*** Data provided ***
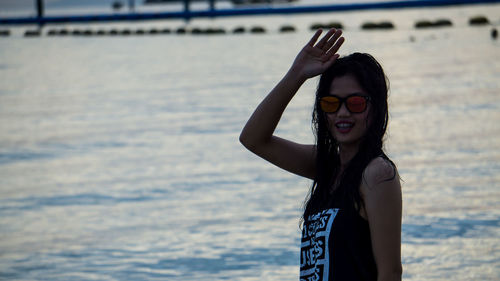 Portrait of young woman waving while standing against sea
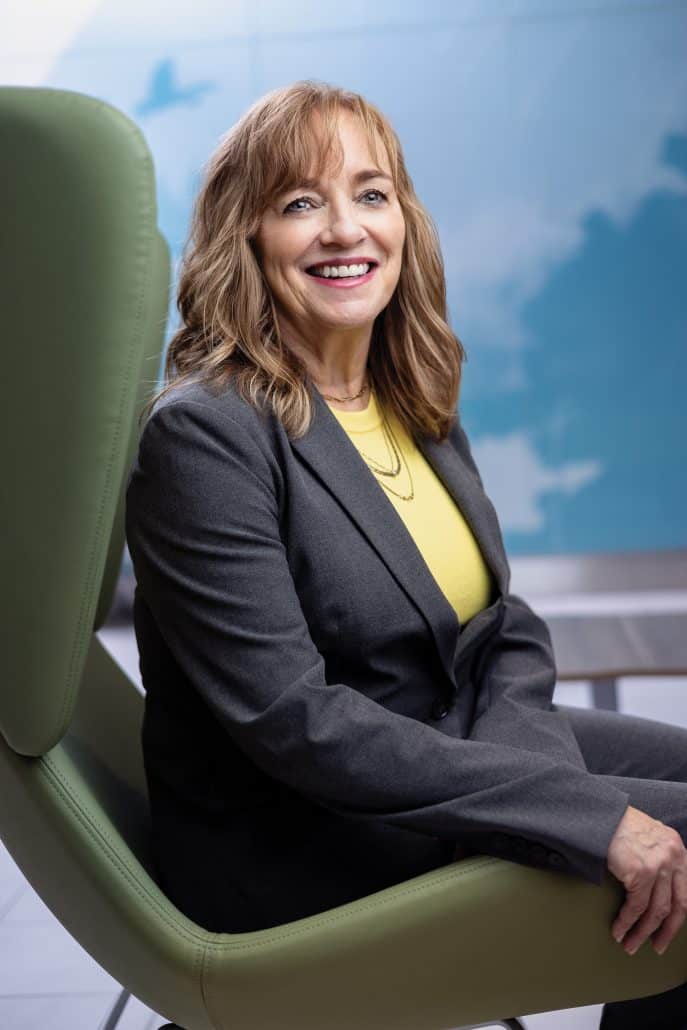 Woman sitting in a green chair smiling at the camera.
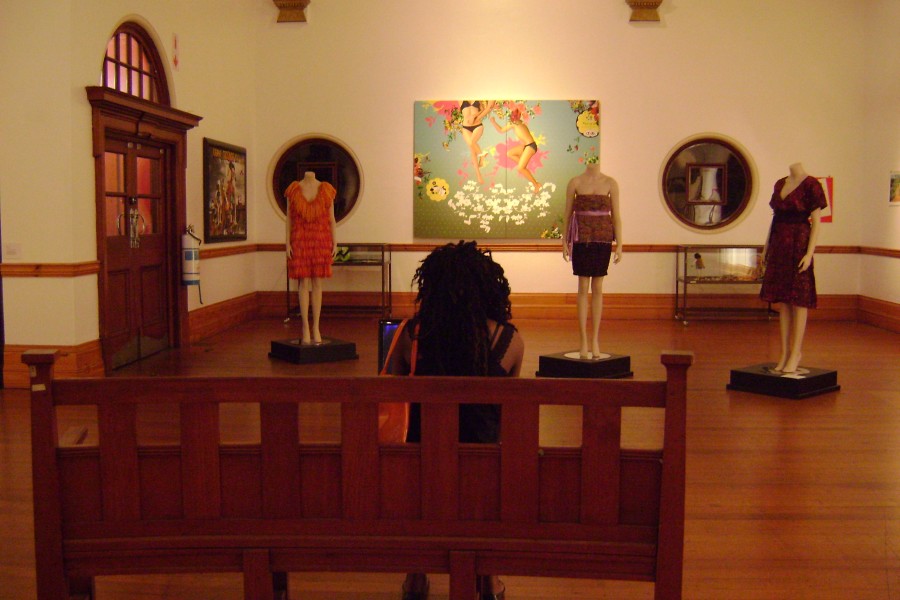 Visitor seated before works displayed in the gallery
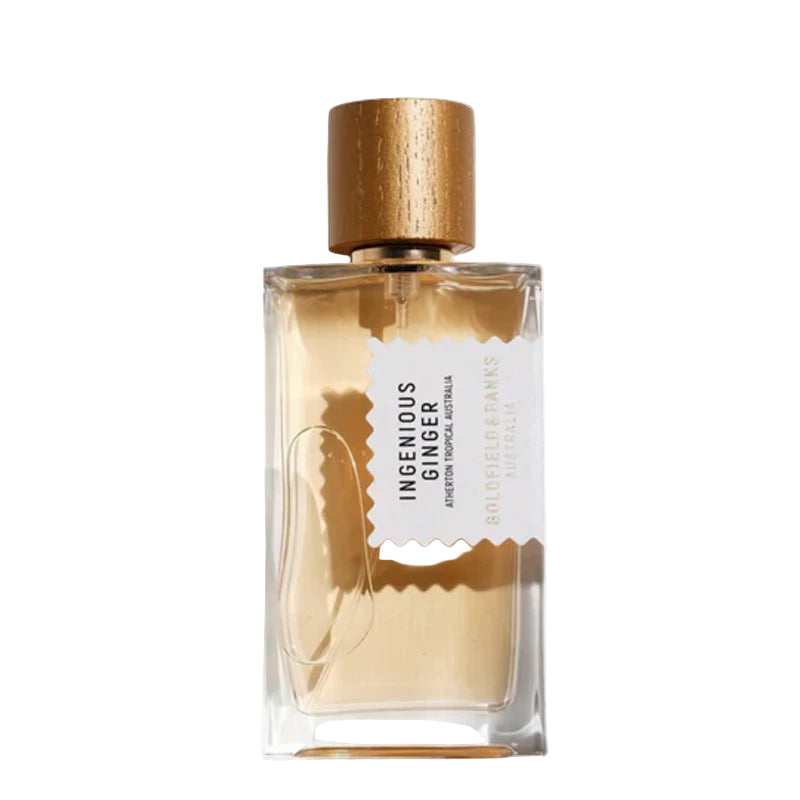Perfume bottle labeled 'Ingenious Ginger' with a gold cap on a white background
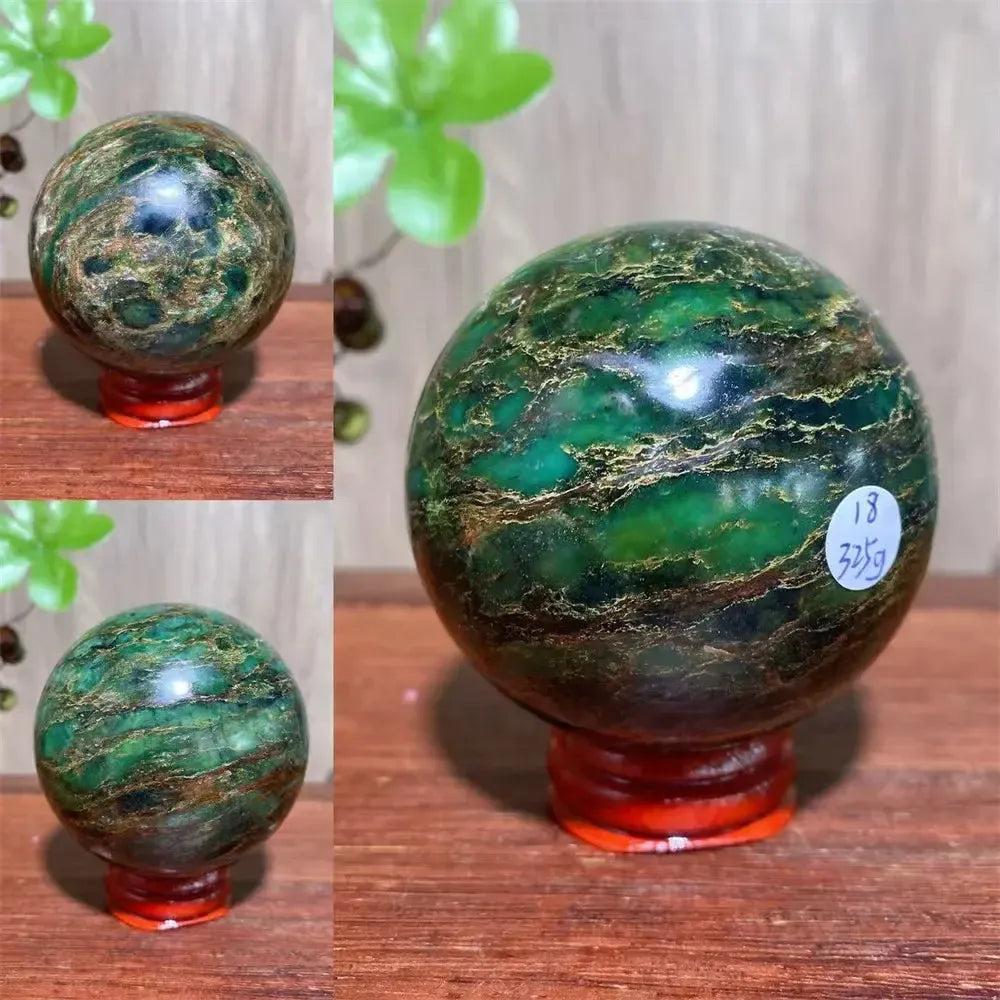Verdite sphere with deep forest green and shimmering gold veins on a red display stand.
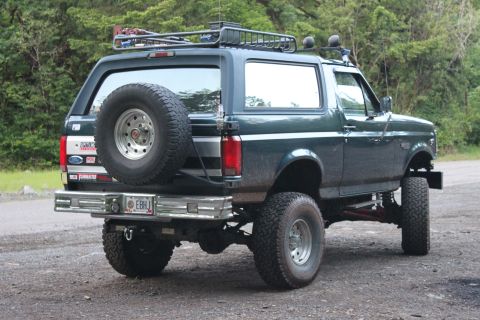 1995 Ford Bronco - This lifted Ford Bronco is parked on a dirt road with trees in the background.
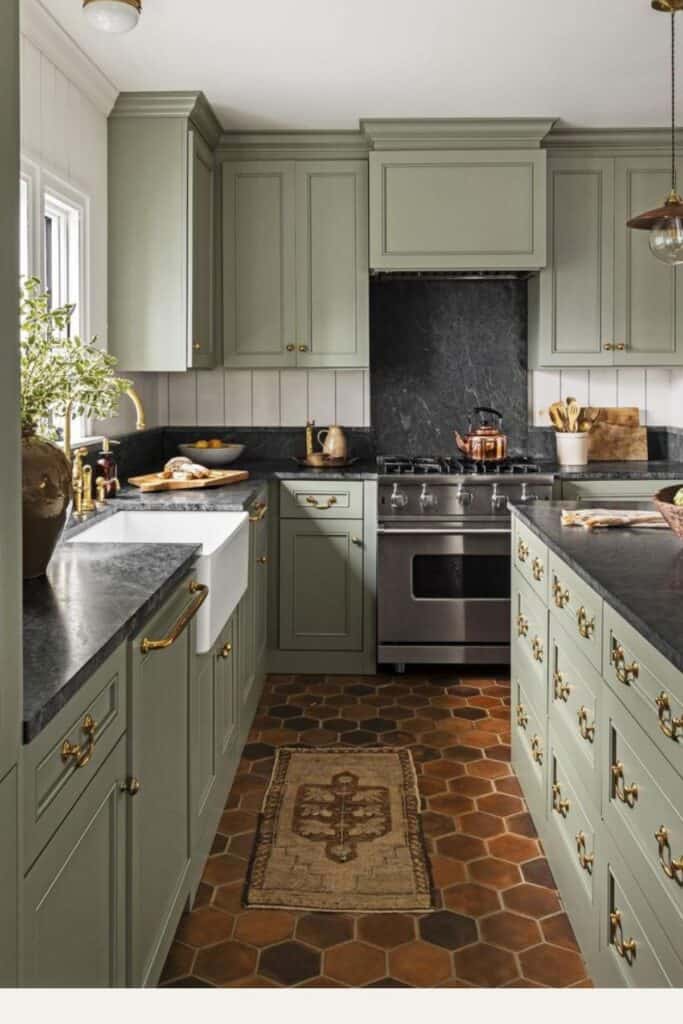A kitchen with Oil Cloth on the cabinets with gold hardare, black countertops and terra cotta floors in hexagon shape.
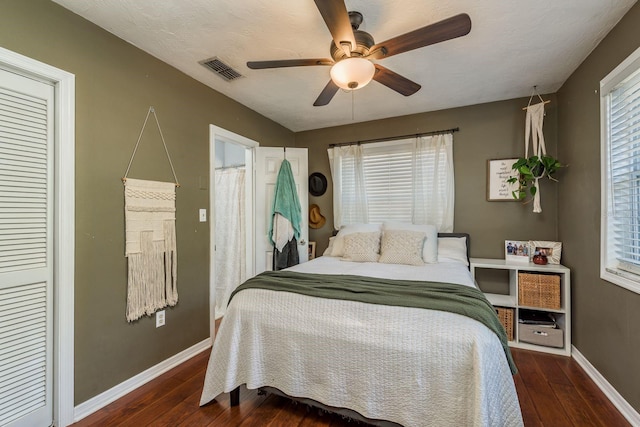 bedroom featuring ceiling fan, dark wood-type flooring, and a closet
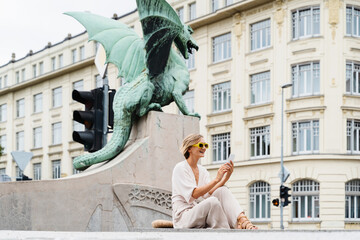 Young woman using smart phone sitting on Dragon bridge in Ljubljana. Travel Explore Slovenia, Europe - 762270162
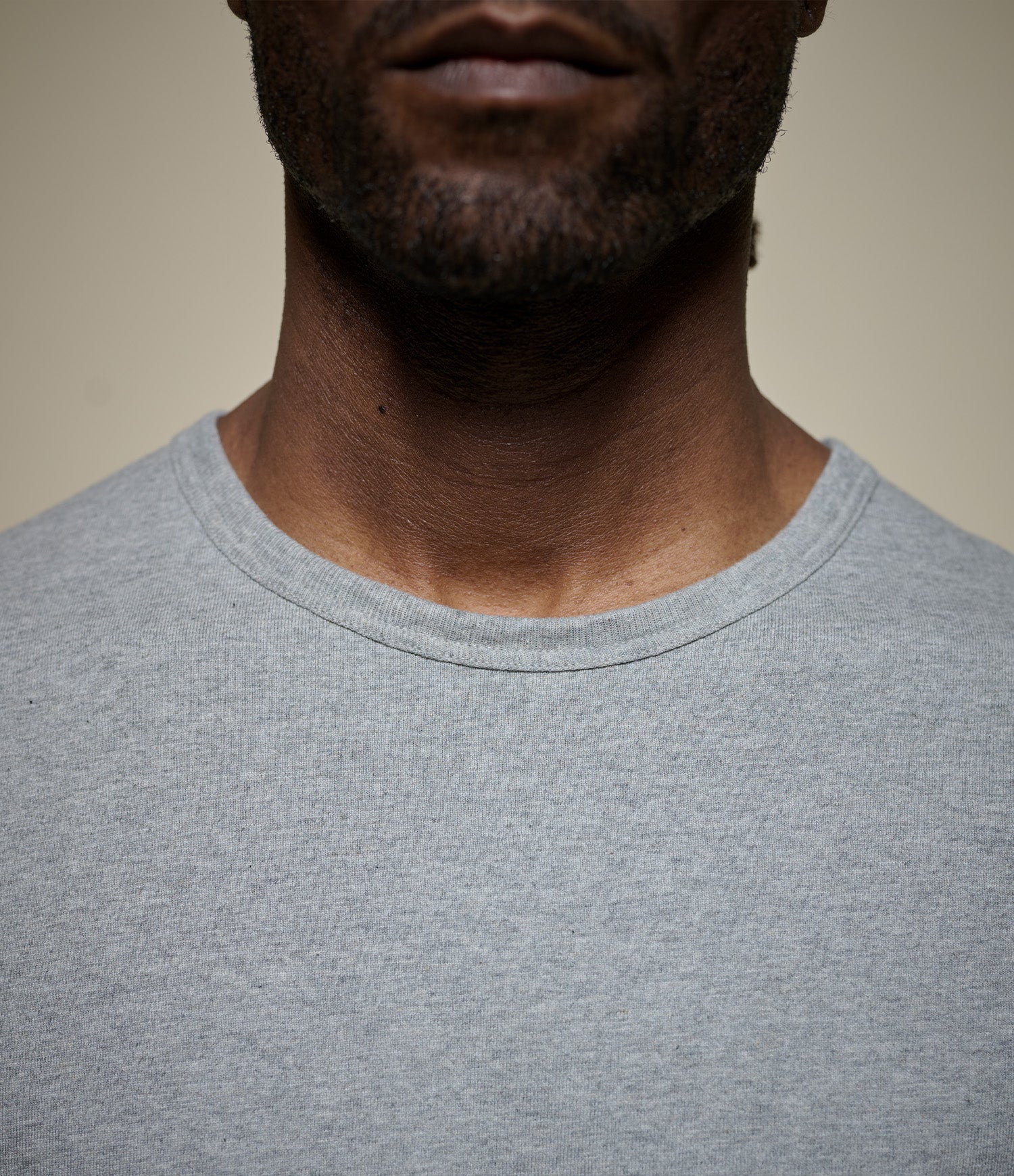 Close-up of a person wearing a gray crew neck t-shirt against a beige background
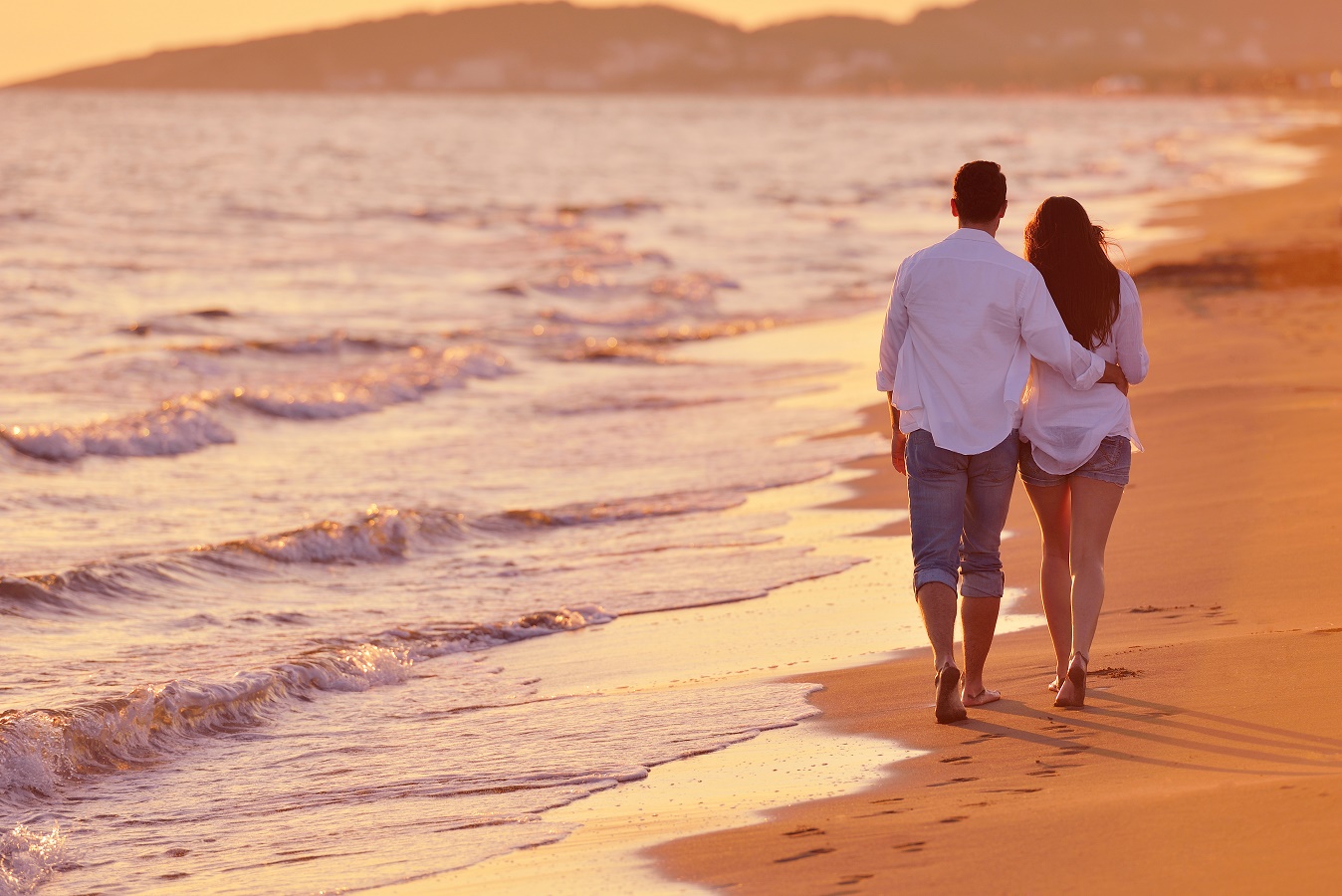 young couple  on beach have fun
***
**Problem to work on:**
Repeat the entries faithfully. Any picture gets left out.

**Solution to this problem:**
 Portrait of young woman waving while standing against sea
 Woman sitting in a green chair smiling at the camera.
 Visitor seated before works displayed in the gallery
Perfume bottle labeled 'Ingenious Ginger' with a gold cap on a white background
Verdite sphere with deep forest green and shimmering gold veins on a red display stand.
 1995 Ford Bronco - This lifted Ford Bronco is parked on a dirt road with trees in the background.
A kitchen with Oil Cloth on the cabinets with gold hardare, black countertops and terra cotta floors in hexagon shape.
 bedroom featuring ceiling fan, dark wood-type flooring, and a closet
 Young woman using smart phone sitting on Dragon bridge in Ljubljana. Travel Explore Slovenia, Europe - 762270162
 Close-up of a person wearing a gray crew neck t-shirt against a beige background
 young couple  on beach have fun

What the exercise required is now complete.